This the constructor for a BirdId instance.

abbr.py
#================================================================
# Specification functions
#----------------------------------------------------------------
# standardize(code) ==
#   code, uppercased and right-padded to length ABBR_L
#----------------------------------------------------------------


# - - -   B i r d I d . _ _ i n i t _ _   - - -

    def __init__ ( self, txny, abbr, rel=None, abbr2=None, q=None ):
        '''Constructor for BirdId instances
        '''

We copy the txny to the instance and also standardize the relationship code using the machinery described in Section 11.2.4, “Relationship codes”.

abbr.py
        #-- 1 --
        self.txny = txny
        self.rel = STANDARD_REL[rel]

Next, we store the code or codes in standardized form. If there are two codes, we store the lesser in .abbr and the greater in .abbr2.

abbr.py
        #-- 2 --
        # [ if self.rel == REL_SIMPLE ->
        #     self.abbr  :=  standardize(abbr)
        #   else ->
        #     self.abbr   :=  min(standardize(abbr), standardize(abbr2))
        #     self.abbr2  :=  max(standardize(abbr), standardize(abbr2)) ]
        if self.rel == REL_SIMPLE:
            self.abbr = self.standardize ( abbr )
            self.abbr2 = None
        else:
            abbrList = [ self.standardize(abbr),
                           self.standardize(abbr2) ]
            abbrList.sort()
            self.abbr, self.abbr2 = abbrList

If the q argument is false (None or the empty string), we set self.q to the empty string; otherwise we save its value in self.q.

abbr.py
        #-- 3 --
        # [ if q is false ->
        #     self.q = ""
        #   else ->
        #     self.q = q ]
        self.q = q or ""

Next we build up the .fullAbbr attribute:

abbr.py
        #-- 4 --
        if  self.rel == REL_SIMPLE:
            self.fullAbbr = "%s%s" % (self.abbr, self.q)
        else:
            self.fullAbbr = ( "%s%s%s%s" %
                (self.abbr.rstrip(), self.rel,
                 self.abbr2.rstrip(), self.q) )

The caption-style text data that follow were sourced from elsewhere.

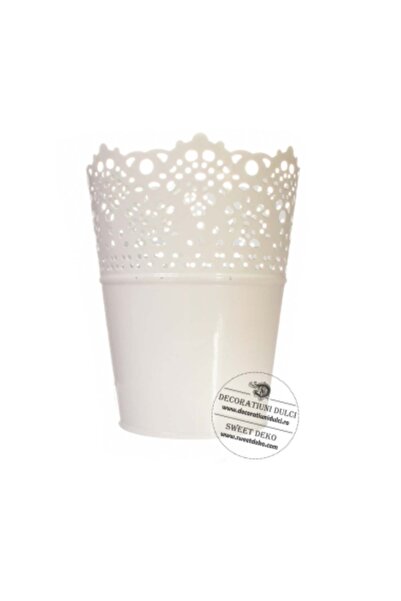 Decoratiuni Dulci Ghiveci metalic decorativ, alb dantelat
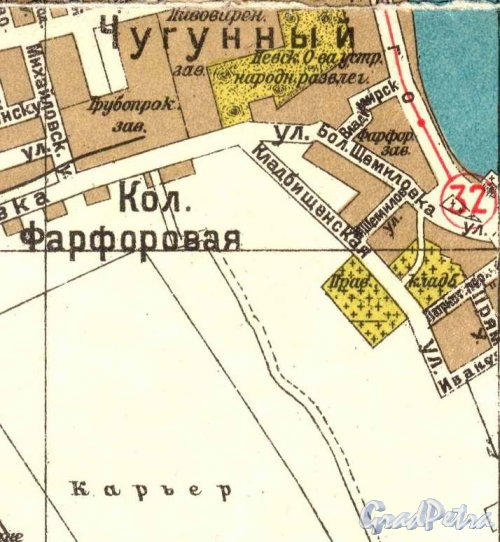 Расположение Спасо-Преображенского кладбища. Карта 1925 года
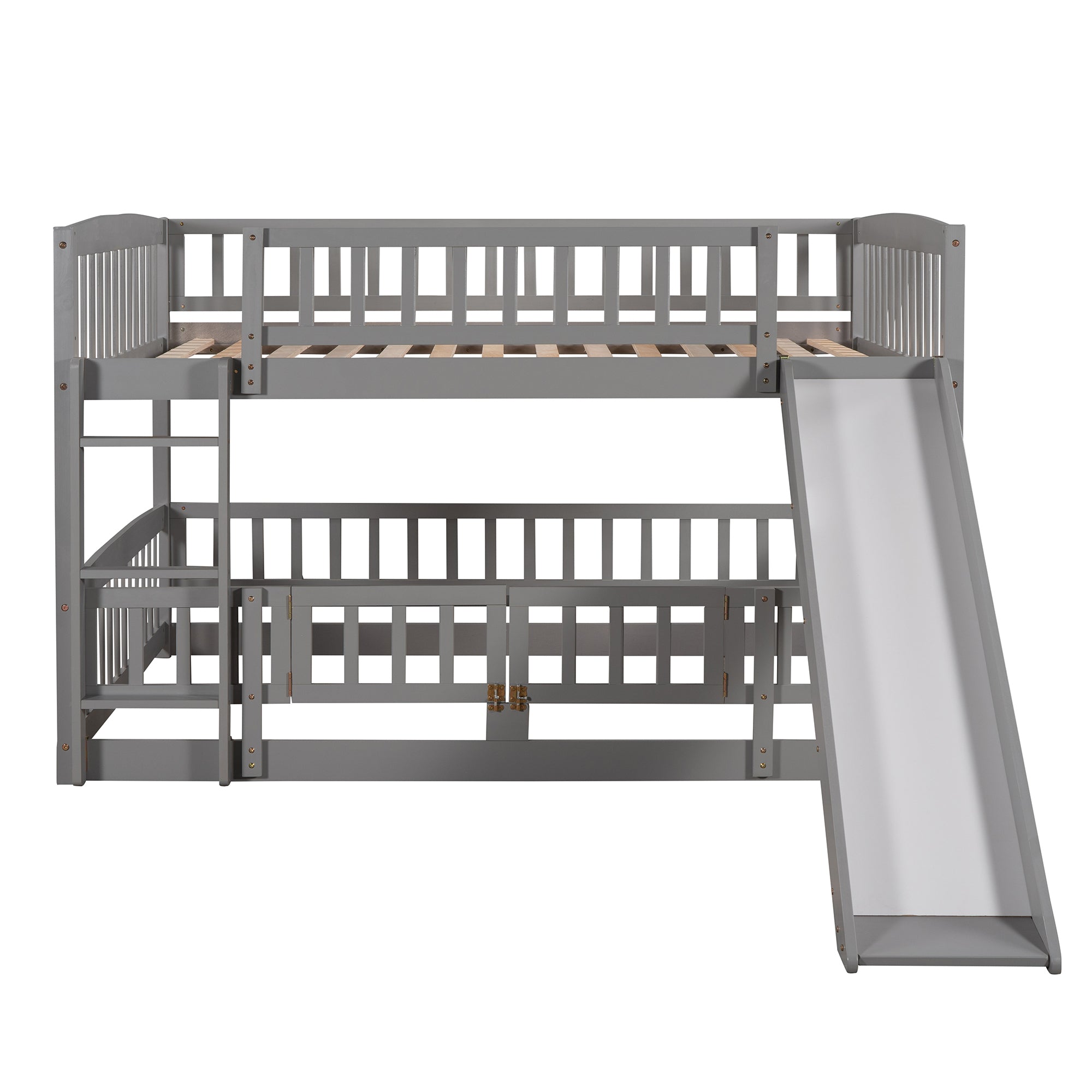 Bunk Bed with Slide,Full Over Full Low Bunk Bed with Fence and Ladder for Toddler Kids Teens Gray - Atlantic Fine Furniture Melbourne FL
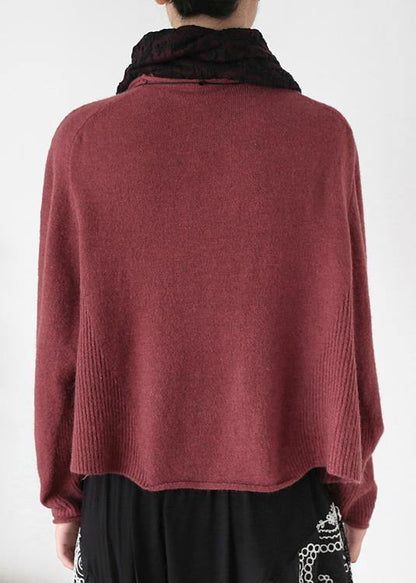 Pullover High Neck Red Knit Sweat Tops Batwing Sleeve Clothes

Lastly, we set up the .taxon attribute by finding the nearest common ancestor of the two forms. In the process, we will also need to look up the taxa for one or both codes. If there is only one code, use its taxon.

abbr.py
        #-- 5 --
        # [ if self.rel == REL_SIMPLE ->
        #     if self.abbr is defined in self.txny ->
        #       self.taxon  :=  self.txny's Taxon for self.abbr
        #     else -> raise KeyError
        #   else ->
        #     if self.abbr and self.abbr2 are both defined in
        #     self.txny ->
        #       self.taxon  :=  nearest common ancestor of self.abbr
        #           and self.abbr2 in self.txny
        #     else -> raise KeyError ]
        if  self.rel == REL_SIMPLE:
            self.taxon = self.txny.lookupAbbr ( self.abbr )
        else:
            taxon1 = self.txny.lookupAbbr ( self.abbr )
            taxon2 = self.txny.lookupAbbr ( self.abbr2 )
            self.taxon = taxon1.nearestAncestor ( taxon2 )

We also set our .txKey to the value from self.taxon as a pass-through to avoid violating the Law of Demeter.

abbr.py
        #-- 6
        self.txKey = self.taxon.txKey